(Short descriptive text snippets)
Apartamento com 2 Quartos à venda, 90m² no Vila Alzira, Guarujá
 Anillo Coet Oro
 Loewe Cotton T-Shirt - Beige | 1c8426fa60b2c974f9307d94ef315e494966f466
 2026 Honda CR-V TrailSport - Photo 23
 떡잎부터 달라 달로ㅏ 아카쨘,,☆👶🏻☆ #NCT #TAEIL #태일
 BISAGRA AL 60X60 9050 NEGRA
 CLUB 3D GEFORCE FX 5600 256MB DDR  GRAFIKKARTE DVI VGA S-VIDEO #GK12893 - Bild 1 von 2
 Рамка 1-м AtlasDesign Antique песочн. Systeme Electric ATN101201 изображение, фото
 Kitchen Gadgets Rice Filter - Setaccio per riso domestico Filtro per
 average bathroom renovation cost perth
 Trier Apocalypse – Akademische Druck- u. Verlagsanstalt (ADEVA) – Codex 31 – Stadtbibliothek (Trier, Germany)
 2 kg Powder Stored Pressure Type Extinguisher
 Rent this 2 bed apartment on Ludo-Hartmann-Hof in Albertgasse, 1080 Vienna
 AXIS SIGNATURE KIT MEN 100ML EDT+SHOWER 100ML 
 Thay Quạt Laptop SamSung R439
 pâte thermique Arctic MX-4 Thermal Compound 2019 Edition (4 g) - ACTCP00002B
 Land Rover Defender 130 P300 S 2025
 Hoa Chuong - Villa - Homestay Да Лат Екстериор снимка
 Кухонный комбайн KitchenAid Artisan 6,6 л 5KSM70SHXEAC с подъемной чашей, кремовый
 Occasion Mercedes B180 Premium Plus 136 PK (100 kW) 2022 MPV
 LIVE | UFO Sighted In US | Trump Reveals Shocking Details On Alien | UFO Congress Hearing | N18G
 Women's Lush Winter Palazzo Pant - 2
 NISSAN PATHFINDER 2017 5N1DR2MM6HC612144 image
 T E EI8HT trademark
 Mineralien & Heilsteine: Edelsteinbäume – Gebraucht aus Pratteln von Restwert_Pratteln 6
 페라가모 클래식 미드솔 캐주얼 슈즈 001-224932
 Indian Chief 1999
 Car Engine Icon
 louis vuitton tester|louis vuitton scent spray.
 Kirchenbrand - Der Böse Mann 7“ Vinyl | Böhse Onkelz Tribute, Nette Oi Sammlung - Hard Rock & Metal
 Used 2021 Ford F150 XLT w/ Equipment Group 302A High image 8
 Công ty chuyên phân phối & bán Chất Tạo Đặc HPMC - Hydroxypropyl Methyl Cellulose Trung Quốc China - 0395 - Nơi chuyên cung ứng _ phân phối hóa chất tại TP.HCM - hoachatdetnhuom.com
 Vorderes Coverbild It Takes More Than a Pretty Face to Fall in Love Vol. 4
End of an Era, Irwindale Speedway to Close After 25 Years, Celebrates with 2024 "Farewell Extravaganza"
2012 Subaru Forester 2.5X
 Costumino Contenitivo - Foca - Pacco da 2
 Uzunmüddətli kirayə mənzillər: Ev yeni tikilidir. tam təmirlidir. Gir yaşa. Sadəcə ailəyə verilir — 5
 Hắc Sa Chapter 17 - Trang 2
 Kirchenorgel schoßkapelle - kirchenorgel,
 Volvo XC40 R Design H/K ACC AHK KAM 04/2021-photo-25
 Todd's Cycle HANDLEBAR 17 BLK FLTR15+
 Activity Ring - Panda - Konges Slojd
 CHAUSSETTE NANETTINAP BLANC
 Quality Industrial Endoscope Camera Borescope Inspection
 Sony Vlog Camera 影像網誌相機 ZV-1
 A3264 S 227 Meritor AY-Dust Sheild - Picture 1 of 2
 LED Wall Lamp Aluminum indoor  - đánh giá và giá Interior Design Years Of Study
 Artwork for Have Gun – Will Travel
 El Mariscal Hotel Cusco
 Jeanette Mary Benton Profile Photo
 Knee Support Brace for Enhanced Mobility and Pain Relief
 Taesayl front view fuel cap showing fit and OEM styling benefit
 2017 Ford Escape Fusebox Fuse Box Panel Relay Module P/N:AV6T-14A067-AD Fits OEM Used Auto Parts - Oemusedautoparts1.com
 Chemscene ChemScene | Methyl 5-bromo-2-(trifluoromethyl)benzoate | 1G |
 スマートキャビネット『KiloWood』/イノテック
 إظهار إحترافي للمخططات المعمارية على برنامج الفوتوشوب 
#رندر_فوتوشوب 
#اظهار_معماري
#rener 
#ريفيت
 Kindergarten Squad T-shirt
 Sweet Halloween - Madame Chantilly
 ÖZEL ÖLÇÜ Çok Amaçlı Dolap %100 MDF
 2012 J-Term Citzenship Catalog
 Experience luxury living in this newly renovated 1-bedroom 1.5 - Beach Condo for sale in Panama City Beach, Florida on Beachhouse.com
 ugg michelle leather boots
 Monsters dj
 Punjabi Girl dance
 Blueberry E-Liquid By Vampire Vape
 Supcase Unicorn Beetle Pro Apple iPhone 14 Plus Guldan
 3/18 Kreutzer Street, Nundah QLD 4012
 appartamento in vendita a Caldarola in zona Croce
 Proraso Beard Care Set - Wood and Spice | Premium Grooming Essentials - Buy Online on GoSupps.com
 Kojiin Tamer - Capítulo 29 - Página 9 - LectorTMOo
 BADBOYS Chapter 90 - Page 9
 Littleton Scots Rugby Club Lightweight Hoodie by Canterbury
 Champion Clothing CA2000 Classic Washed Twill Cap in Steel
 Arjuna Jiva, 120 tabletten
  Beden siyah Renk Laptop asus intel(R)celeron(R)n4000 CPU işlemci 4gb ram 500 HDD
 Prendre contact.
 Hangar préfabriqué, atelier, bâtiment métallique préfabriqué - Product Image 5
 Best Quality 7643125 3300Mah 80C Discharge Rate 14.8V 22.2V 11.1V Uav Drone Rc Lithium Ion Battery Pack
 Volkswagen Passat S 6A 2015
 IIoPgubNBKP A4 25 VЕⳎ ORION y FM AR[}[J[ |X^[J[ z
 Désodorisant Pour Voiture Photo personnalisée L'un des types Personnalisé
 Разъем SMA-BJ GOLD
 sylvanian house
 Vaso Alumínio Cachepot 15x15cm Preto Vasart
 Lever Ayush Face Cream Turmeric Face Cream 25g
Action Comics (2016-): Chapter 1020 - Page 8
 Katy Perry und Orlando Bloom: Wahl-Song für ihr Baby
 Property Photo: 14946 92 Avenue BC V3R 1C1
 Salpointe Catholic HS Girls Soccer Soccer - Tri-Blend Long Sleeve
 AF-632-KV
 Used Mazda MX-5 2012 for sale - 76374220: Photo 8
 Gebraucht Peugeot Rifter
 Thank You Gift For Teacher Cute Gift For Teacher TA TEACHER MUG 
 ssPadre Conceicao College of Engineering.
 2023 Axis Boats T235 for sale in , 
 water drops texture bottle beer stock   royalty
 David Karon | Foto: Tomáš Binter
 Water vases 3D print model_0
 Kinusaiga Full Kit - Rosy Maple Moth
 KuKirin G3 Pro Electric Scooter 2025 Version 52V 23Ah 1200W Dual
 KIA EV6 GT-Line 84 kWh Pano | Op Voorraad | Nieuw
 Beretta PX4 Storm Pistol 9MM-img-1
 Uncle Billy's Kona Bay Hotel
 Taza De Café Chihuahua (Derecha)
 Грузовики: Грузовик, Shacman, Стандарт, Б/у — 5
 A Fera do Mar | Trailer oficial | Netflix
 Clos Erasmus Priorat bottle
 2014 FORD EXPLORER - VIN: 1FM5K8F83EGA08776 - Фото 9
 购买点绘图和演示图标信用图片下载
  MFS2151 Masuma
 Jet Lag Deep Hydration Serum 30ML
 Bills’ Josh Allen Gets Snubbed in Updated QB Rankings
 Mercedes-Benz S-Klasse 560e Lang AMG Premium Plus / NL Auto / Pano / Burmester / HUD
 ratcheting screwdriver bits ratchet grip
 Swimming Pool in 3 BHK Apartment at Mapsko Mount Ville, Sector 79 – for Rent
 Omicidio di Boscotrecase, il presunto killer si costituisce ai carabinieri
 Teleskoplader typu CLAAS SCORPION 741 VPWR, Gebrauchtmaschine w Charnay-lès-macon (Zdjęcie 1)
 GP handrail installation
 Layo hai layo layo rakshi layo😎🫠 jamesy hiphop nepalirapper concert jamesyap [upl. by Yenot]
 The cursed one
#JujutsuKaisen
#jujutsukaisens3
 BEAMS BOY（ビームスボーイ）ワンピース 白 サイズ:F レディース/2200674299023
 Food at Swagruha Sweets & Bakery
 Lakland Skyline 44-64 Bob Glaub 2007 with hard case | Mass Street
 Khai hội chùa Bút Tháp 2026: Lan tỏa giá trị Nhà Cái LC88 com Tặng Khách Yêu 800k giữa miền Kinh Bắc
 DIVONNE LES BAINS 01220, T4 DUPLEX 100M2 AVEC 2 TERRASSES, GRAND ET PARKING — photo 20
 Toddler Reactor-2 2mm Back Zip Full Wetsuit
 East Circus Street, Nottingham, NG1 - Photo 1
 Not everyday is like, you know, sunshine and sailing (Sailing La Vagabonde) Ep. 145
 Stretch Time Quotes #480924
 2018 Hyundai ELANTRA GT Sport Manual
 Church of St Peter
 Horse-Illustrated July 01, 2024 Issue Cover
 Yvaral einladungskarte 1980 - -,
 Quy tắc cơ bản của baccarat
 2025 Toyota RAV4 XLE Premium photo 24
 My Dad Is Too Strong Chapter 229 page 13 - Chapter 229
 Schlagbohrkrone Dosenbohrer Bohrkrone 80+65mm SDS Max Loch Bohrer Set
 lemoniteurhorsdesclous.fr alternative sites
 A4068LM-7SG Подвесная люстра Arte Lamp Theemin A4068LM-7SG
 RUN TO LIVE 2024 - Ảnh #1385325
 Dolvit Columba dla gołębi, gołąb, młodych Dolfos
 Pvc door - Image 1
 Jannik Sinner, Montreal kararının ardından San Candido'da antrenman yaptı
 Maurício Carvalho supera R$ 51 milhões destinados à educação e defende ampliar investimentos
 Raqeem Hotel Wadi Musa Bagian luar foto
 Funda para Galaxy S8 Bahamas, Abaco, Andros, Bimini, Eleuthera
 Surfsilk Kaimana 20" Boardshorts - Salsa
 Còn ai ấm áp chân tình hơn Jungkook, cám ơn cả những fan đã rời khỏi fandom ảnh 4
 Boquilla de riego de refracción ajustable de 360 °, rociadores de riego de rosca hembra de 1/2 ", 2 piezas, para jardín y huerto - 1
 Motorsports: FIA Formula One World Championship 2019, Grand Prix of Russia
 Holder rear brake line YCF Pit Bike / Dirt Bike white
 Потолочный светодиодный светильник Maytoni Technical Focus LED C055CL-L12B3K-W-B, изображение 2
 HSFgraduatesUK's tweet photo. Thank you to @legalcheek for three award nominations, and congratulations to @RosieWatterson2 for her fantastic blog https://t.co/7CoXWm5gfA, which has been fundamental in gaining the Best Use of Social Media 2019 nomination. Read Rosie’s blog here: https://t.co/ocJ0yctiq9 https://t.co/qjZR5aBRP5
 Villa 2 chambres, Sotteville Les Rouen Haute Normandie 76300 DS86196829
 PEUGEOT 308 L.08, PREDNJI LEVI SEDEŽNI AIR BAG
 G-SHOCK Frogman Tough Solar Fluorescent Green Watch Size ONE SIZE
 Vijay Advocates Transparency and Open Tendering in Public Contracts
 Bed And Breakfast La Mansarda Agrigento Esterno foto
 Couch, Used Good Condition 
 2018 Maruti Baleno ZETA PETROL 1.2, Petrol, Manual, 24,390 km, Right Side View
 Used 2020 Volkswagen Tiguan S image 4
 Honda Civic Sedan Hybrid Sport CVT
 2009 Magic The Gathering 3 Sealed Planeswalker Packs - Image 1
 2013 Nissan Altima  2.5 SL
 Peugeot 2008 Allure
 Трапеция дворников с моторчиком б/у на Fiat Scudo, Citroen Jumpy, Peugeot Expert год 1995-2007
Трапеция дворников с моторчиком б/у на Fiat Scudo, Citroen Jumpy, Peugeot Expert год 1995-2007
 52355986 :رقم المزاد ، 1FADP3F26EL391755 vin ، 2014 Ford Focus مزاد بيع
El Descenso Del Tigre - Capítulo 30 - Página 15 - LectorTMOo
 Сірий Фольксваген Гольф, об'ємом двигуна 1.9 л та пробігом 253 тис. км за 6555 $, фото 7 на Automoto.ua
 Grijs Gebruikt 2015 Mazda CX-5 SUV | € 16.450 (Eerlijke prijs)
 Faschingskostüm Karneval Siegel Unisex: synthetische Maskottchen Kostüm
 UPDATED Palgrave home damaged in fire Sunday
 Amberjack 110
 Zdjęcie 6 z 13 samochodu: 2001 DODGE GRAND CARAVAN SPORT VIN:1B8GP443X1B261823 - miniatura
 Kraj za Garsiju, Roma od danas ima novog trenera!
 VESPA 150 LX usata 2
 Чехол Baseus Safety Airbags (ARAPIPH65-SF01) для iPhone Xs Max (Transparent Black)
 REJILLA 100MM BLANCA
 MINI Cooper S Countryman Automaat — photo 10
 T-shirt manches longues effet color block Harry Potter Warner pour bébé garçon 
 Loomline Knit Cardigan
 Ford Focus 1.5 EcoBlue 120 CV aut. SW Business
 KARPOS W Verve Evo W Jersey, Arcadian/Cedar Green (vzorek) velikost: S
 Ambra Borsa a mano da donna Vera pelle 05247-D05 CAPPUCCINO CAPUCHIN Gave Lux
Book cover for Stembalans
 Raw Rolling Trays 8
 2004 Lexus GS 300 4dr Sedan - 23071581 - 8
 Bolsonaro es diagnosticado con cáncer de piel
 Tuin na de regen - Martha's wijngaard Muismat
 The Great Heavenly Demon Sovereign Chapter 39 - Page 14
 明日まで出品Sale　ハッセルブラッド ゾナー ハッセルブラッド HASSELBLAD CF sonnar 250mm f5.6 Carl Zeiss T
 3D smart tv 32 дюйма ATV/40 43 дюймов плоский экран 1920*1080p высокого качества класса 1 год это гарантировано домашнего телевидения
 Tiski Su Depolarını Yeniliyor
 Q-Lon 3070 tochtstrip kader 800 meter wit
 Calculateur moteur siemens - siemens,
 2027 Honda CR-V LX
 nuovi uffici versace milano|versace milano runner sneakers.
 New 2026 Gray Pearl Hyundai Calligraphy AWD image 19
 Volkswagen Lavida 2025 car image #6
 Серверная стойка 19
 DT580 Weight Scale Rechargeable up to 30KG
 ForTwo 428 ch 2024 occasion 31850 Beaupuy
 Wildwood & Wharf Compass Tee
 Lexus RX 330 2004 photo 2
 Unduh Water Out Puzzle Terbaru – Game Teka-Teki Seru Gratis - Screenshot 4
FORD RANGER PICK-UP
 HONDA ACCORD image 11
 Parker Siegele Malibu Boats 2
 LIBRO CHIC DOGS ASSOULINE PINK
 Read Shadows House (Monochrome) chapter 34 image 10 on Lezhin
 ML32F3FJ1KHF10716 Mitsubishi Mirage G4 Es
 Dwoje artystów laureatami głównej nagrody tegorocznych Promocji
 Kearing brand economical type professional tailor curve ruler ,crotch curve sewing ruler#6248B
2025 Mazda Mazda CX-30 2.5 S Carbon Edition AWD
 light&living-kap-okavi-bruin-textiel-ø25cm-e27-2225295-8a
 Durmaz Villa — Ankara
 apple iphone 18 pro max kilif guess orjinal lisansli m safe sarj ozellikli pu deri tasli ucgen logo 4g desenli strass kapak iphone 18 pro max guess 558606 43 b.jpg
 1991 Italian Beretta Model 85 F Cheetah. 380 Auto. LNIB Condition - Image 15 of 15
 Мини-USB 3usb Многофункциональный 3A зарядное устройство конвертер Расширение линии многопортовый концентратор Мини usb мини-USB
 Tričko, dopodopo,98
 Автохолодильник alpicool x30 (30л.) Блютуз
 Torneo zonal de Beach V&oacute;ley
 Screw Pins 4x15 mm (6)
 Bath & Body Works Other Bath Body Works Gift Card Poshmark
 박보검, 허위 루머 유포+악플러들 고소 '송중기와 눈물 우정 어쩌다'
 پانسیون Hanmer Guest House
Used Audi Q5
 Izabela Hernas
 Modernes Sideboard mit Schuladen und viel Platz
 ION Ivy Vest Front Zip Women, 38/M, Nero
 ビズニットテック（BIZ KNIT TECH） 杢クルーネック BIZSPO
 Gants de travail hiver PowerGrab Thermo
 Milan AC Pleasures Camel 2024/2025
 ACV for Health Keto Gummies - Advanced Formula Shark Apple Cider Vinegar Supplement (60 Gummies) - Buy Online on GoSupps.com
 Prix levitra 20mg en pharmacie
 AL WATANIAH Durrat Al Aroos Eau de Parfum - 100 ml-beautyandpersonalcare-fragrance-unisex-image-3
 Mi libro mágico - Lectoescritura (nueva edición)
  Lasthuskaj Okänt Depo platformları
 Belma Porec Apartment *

Exercise prompt:
Lines to set down from above: the line with "Tričko, dopodopo,98", the line with "Milan AC Pleasures Camel 2024/2025", and every line between, each exactly as written.

Solution below:
 Tričko, dopodopo,98
 Автохолодильник alpicool x30 (30л.) Блютуз
 Torneo zonal de Beach V&oacute;ley
 Screw Pins 4x15 mm (6)
 Bath & Body Works Other Bath Body Works Gift Card Poshmark
 박보검, 허위 루머 유포+악플러들 고소 '송중기와 눈물 우정 어쩌다'
 پانسیون Hanmer Guest House
Used Audi Q5
 Izabela Hernas
 Modernes Sideboard mit Schuladen und viel Platz
 ION Ivy Vest Front Zip Women, 38/M, Nero
 ビズニットテック（BIZ KNIT TECH） 杢クルーネック BIZSPO
 Gants de travail hiver PowerGrab Thermo
 Milan AC Pleasures Camel 2024/2025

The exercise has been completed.